Metadata and tagging

Delivering to the expectations in WIPII will require making much better use of metadata and tags than is currently the case. Only if content is described accurately can we surface it in the right places, identify other related content and enable users to easily find what they are looking for. This page is only to capture a few aspects that might prove tricky, not to be the comeplete requirements set for metadata. I know that Squiz already offers much functionality in tis area, with which Andrew or other developers will become familiar. I am sure many of the common elements (data created, date expires (or maybe a content review date), author, asset type, etc) will serve our needs well. 

Although all metadata is data about other data in this context metadata refers to the more rigid and predefined approach known as a taxonomy and tagging the more flexible and user-defined approach. While we will often use only a metadata approach to describe our digital assets, there are times when allowing the user to select their own terms is beneficial, either because we have not provided the correct values or so we can learn what the most common values are. 

In a previous life I was responsible for a metadata working group that created and incentivised the adoption of a new approach to metadata for the NZ compulsory education sector. Of note was the blend of "structured learning resource metadata" (based on IEE LOM and Dublin Core) and "user annotated" (or peer enhanced" metadata. Feel free to read over the final report and the vocabulary and numbering schema. For more on this user-peer approach see this child page.
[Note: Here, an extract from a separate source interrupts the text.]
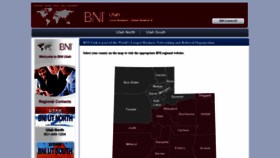 What Bniutah.com website looked like in 2020 (4 years ago)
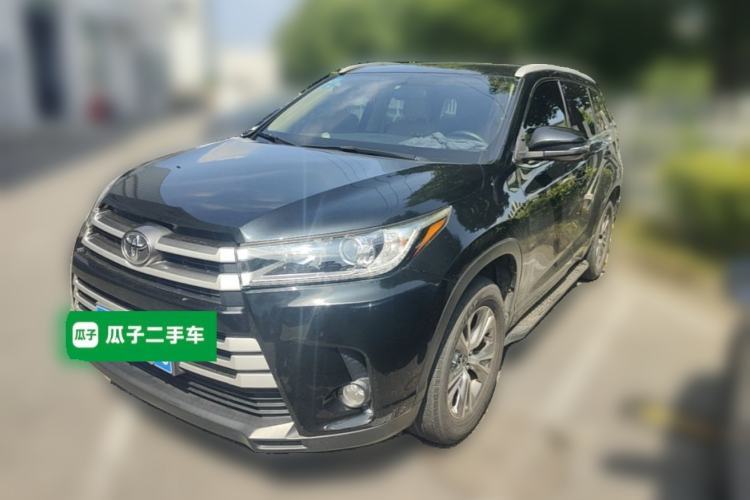 Used Toyota Highlander 2018 2.0T Two-Wheel Drive Elite Edition 5 Seats Emission Standard China V Guazi used car, China used car export, Used car for sale, Used  cars, Cheapest cars for sale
The two approaches do not need to be mutually exclusive. Rather, they can play complimentary and supporting roles. Both could be useful for an area like research expertise, where whatever value list we provide will be insufficient for some researchers. But in most areas there will be little or no need for the user annotated or peer enhanced approach.

Topic-subject taxonomy

The single most complex area will be the topic/subject, not only because of the large number of values (including the possibility that lower level subjects will be in more than one branch and that entire topic branches might repeat under different mega-topics) but because I hope that what was designed for navigation to find subjects we teach will also work for research areas (for both Media guide and Research expertise). If this works this taxonomy functions like a keyword tag set for many other asset types (e.g. news, events, features, etc).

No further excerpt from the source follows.